● **Your instructions**: Below are the entries to work from; restate word for word the portion that opens with the line containing "Meet your Posher, Rene" and closes with the line containing "spanx booty boost", keeping both.

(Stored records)
^^^^

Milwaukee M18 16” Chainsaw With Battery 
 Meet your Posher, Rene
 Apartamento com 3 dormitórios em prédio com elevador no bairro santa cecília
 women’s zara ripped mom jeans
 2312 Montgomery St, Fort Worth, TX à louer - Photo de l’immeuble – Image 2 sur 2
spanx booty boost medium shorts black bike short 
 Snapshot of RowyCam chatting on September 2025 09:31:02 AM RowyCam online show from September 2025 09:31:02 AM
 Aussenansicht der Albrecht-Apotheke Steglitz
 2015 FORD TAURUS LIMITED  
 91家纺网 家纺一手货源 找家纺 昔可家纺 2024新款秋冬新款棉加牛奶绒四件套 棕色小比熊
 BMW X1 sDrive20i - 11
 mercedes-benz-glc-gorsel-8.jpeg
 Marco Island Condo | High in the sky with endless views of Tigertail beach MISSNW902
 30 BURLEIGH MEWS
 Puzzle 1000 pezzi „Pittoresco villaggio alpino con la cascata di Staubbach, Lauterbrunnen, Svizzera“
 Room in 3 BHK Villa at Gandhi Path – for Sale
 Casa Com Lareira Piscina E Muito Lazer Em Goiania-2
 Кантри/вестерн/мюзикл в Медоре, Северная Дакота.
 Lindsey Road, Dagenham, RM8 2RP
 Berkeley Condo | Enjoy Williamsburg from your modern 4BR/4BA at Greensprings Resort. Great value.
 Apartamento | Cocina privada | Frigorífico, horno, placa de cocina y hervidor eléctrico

^^^^

● **Output for this task**:
 Meet your Posher, Rene
 Apartamento com 3 dormitórios em prédio com elevador no bairro santa cecília
 women’s zara ripped mom jeans
 2312 Montgomery St, Fort Worth, TX à louer - Photo de l’immeuble – Image 2 sur 2
spanx booty boost medium shorts black bike short 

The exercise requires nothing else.